The Seattle Seahawks' success is beginning to change the landscape of the rest of the NFL. After winning the Super Bowl last season, former offensive coordinator Klint Kubiak, after being with the team for just one year, became the head coach for the Las Vegas Raiders. Which coach might be the next to leave?
To be sure, none of the coaches leaving recently has to do with anything negative. Other teams want to hire the personnel Seattle has because they hope that will lead to their own high-end success. That is why the next coach to go could be special teams coordinator Jay Harbaugh.
Most teams would rather hire someone with head coaching experience or a rising offensive or defensive coordinator. Promoting a special teams coordinator can be a brilliant move, however, and Harbaugh is the perfect example of that.
Seattle Seahawks special teams coordinator Jay Harbaugh could be the next coach to get a promotion out of the PNW
For one, he has shown he can develop one of the best units in the league, if not the best. While Seattle won the Super Bowl last season partly because of an elite defense, the third phase of the game was also elite, and not just because of the brilliance of kicker Jason Myers and punter Michael Dickson. The coverage units were also excellent.
Seattle allowed the fourth-fewest yards per kick return at 24.0, and while they allowed a not-good 15.5 yards per punt return, the team only allowed 19 returns on punts, second-best in the league. This means Dickson was angling the ball well, but that the coverage team was also being exactly where they needed to be to make punt returners think twice about doing their job.
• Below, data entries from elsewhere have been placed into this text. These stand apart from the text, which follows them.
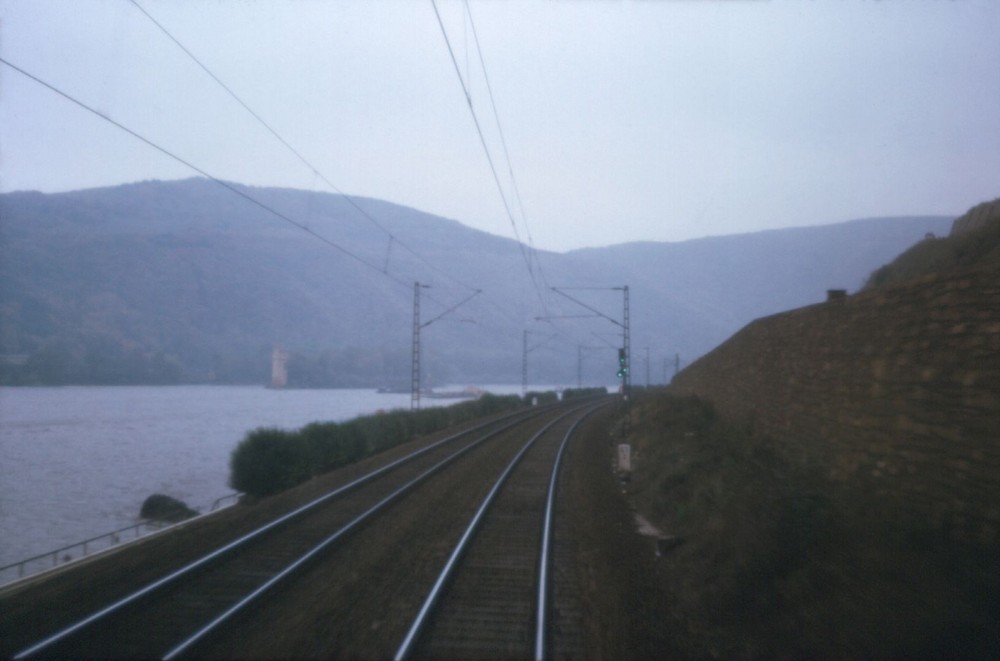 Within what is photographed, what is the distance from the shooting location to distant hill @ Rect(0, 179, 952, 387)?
38.8 m

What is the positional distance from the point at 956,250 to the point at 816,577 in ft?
50.1

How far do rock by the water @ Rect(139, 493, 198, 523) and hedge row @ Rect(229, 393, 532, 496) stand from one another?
1.65 metres

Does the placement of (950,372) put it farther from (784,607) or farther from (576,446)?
(576,446)

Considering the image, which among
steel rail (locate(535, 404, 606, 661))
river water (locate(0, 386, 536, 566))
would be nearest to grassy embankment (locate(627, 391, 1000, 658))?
steel rail (locate(535, 404, 606, 661))

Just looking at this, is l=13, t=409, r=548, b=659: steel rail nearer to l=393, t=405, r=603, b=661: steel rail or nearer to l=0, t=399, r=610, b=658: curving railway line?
l=0, t=399, r=610, b=658: curving railway line

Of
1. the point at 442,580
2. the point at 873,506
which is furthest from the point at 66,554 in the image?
the point at 873,506

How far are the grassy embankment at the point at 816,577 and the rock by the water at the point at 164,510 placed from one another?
1393cm

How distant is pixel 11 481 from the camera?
1908 centimetres

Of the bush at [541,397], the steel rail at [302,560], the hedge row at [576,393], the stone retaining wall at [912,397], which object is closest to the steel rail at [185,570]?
the steel rail at [302,560]

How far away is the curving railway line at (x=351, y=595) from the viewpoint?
727 centimetres

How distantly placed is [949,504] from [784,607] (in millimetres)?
2197

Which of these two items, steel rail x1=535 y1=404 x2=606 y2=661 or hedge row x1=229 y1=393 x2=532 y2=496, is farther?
hedge row x1=229 y1=393 x2=532 y2=496

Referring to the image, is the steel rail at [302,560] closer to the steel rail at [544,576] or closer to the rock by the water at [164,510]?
the steel rail at [544,576]

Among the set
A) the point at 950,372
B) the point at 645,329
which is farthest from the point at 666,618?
the point at 645,329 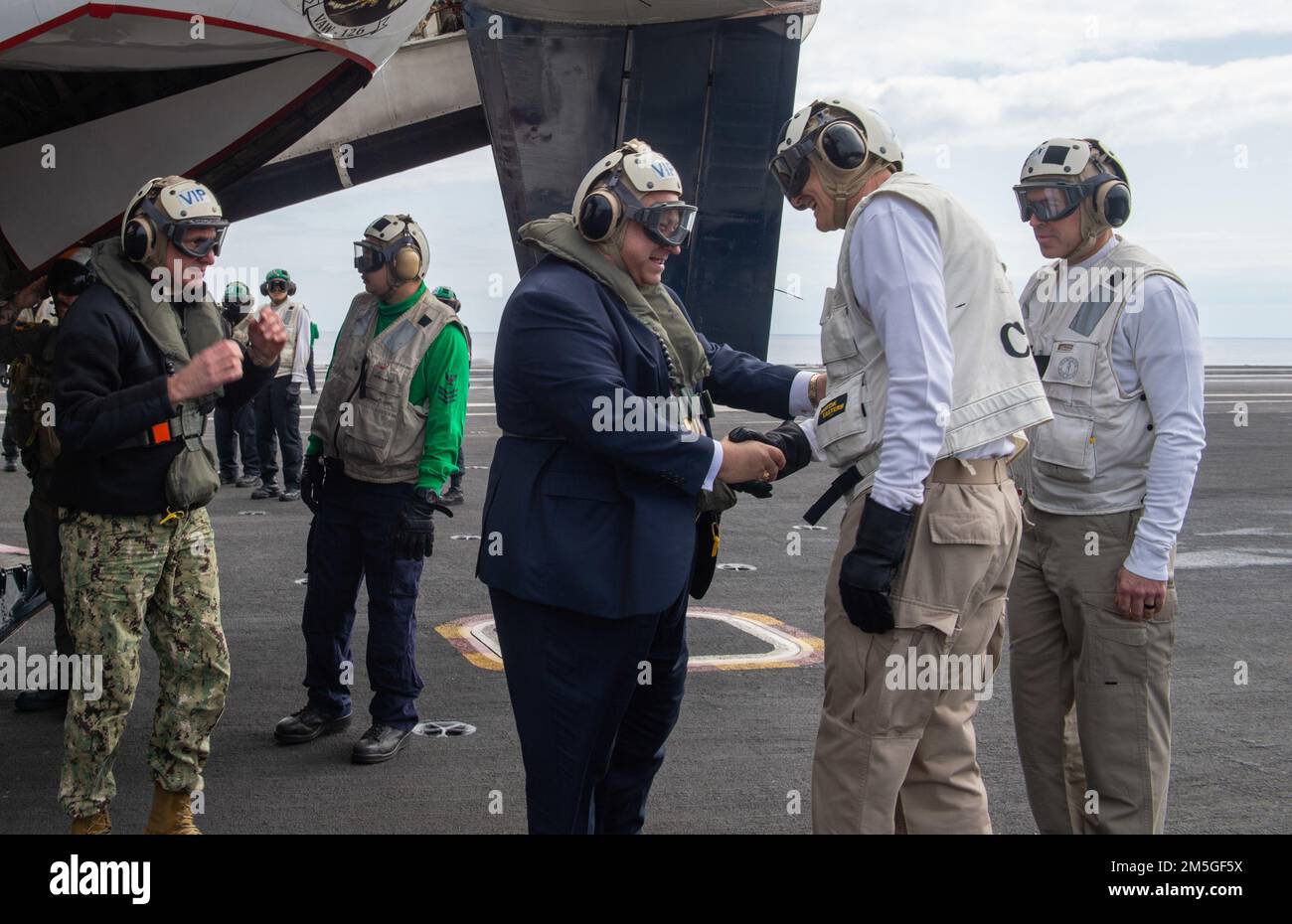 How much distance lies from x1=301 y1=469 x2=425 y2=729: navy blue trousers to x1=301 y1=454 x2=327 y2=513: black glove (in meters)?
0.04

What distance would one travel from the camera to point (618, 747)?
10.7 feet

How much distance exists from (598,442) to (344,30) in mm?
3469

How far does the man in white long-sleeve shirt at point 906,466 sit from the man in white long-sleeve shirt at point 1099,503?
0.61 meters

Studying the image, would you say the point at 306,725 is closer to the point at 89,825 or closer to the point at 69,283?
the point at 89,825

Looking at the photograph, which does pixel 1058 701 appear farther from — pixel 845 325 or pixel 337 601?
pixel 337 601

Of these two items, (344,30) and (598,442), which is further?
(344,30)

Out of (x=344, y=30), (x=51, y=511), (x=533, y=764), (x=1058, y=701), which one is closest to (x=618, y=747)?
(x=533, y=764)

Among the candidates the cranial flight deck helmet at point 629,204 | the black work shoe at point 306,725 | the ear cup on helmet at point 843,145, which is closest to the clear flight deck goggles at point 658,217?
the cranial flight deck helmet at point 629,204

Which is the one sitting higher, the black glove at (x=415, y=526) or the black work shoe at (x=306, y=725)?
the black glove at (x=415, y=526)

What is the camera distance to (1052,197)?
341cm

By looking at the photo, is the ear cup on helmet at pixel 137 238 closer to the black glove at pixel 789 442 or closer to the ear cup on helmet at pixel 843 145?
the black glove at pixel 789 442

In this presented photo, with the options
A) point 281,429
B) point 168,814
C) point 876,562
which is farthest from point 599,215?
point 281,429

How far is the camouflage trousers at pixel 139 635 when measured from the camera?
11.5 feet

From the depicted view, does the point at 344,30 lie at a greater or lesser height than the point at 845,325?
greater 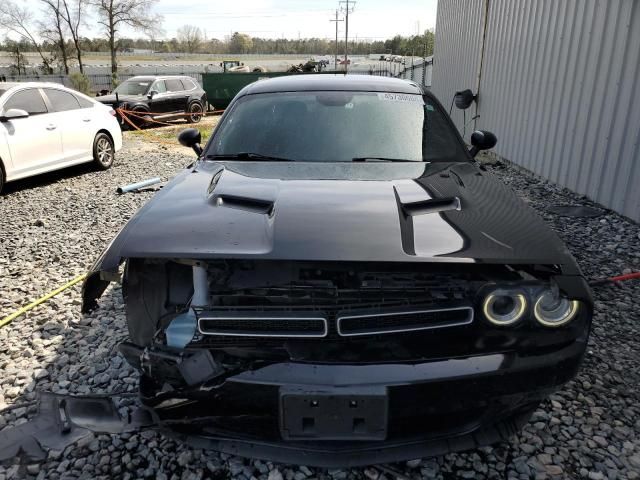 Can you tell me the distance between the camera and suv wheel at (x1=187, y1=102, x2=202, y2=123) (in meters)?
16.2

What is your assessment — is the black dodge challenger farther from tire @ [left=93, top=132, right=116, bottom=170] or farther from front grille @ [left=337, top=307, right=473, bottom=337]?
tire @ [left=93, top=132, right=116, bottom=170]

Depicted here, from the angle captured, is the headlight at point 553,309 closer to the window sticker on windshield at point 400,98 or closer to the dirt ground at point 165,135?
the window sticker on windshield at point 400,98

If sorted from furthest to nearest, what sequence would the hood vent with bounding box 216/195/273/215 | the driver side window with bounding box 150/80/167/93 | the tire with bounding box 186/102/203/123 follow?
1. the tire with bounding box 186/102/203/123
2. the driver side window with bounding box 150/80/167/93
3. the hood vent with bounding box 216/195/273/215

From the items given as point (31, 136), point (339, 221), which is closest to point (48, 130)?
point (31, 136)

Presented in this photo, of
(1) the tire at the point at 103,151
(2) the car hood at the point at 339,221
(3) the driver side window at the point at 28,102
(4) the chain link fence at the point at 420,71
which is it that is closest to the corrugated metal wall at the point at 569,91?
(2) the car hood at the point at 339,221

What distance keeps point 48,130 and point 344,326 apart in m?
7.21

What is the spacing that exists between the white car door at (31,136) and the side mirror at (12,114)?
0.07 metres

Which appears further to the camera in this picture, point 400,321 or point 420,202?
point 420,202

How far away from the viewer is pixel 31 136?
22.7 ft

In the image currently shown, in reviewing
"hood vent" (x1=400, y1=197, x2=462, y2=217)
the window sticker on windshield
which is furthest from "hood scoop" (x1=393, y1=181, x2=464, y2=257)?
the window sticker on windshield

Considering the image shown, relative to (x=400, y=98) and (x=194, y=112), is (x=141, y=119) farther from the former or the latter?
(x=400, y=98)

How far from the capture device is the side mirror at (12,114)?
21.4 feet

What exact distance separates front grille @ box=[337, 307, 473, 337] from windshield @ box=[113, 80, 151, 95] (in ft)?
50.0

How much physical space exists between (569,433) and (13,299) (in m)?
3.94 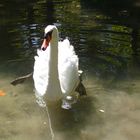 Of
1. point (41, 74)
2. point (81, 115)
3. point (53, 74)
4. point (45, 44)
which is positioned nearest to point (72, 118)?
point (81, 115)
Harbaugh also has another important advantage. Both his father, Jim, and his uncle, John, have been successful head coaches in the league. Moreover, John Harbaugh was a special teams coordinator himself before becoming the Baltimore Ravens head coach in 2008 (he coached defensive backs alone for one season before joining Baltimore).
John won a Super Bowl, of course, and led his team to the playoffs 12 times in 18 years as the head man with the Ravens. That level of success would indicate to other teams that hiring someone from the same family with the same kind of coaching history might translate to great things.
Jay Harbaugh would have learned football at the knee of his father and uncle, and both have been in the NFL long enough and with mostly positive situations that teams would give the current Seattle Seahawks special teams coordinator a closer look for head coach than others who hold the same job.
Should the Seahawks reach the playoffs again in 2026 and special teams be a huge reason why, fans shouldn't be surprised if Jay Harbaugh is being looked at as a possible head coach. Eventually, many teams could feature acolytes of Mike Macdonald.